This transition wasn't planned. It was forced by a simple realization that numbers alone couldn't capture the full picture of human decision-making.
The Economist's Obsession
As an economics student, I was fascinated by models that claimed to predict human behavior. Supply and demand curves, utility maximization, game theory—elegant frameworks that promised to make sense of the seemingly chaotic world of human decisions.
I loved the precision. The certainty. The idea that complex human behavior could be distilled into mathematical relationships.
But the more I studied, the more I noticed the gaps.
"All models are wrong, but some are useful." - George Box
Economic models assumed rational actors making optimal decisions with perfect information. But humans aren't rational actors. We're emotional, inconsistent, and deeply influenced by factors that don't fit neatly into equations.
The First Crack
The first crack in my faith in pure modeling came during my thesis research on consumer behavior. I was trying to predict purchasing decisions using traditional economic variables: income, price sensitivity, substitution effects.
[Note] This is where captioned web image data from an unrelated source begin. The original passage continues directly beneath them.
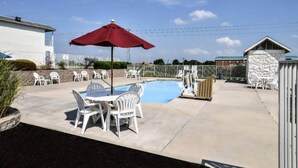 Pool - Spacious 2 Full Beds | Micfridge (Saint Joseph)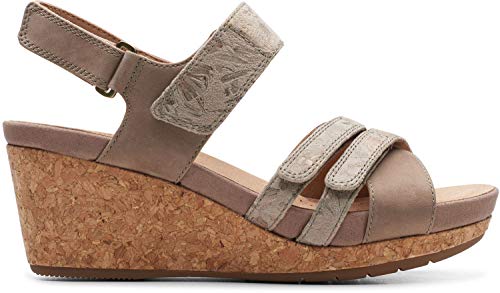 Clarks Women's Un Capri Walk Wedge Sandal2
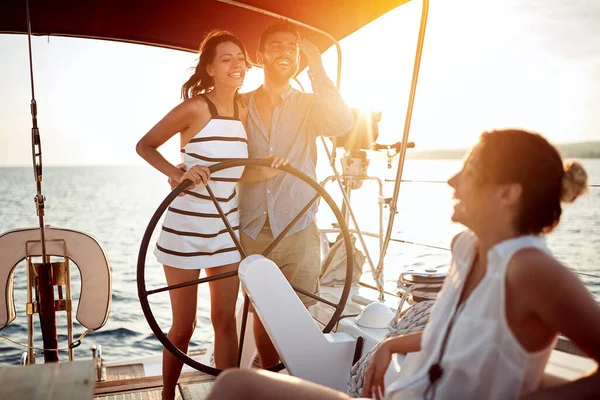 Gelukkig Paar Genieten Luxe Boot Bij Zonsondergang Romantische Vakantie — Stockfoto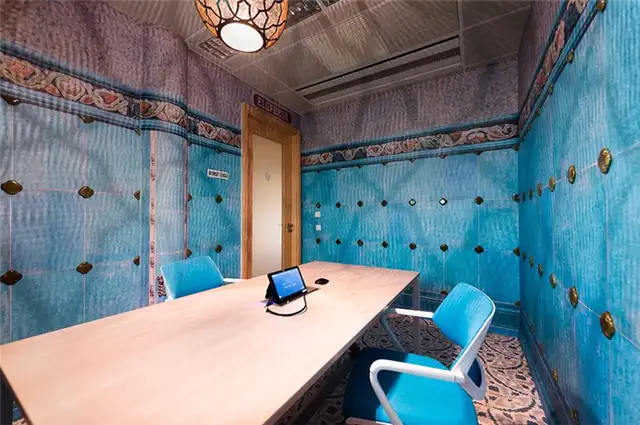 the-google-office-in-budapest-video-conference-room-blue-themed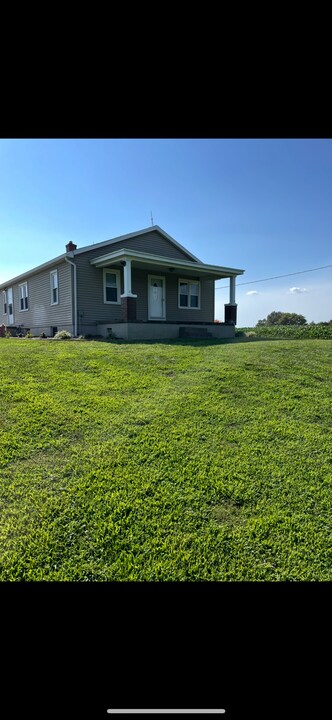 7401 Carson School Rd in Mount Vernon, IN - Building Photo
The models were sophisticated. The data was clean. The results were... mediocre.
Then I started conducting interviews with actual consumers. Not to validate my models, but to understand why they often failed.
What I discovered changed everything.
People made decisions based on stories they told themselves. They chose products not because of optimal utility calculations, but because of how those choices fit their identity. They avoided certain options not due to price sensitivity, but because of fears they couldn't articulate.
The most important variables couldn't be measured. They had to be understood.
The Debate Training Ground
Parallel to my economics studies, I was competing in championship debating. What started as an extracurricular activity became my laboratory for understanding human persuasion.
In debate, pure logic isn't enough. You need to understand your audience—the judges—at a deeper level. What arguments resonate? What evidence convinces? How do you frame your case to align with their existing beliefs?
I was practicing persuasion at the highest levels while studying it academically. The contrast was striking:
- Economics taught me humans should be predictable
- Debate taught me humans are persuadable
The difference matters. Predictability assumes you can model behavior from the outside. Persuasion requires you to understand motivation from the inside.
The Synthesis
I didn't abandon economics. I evolved it.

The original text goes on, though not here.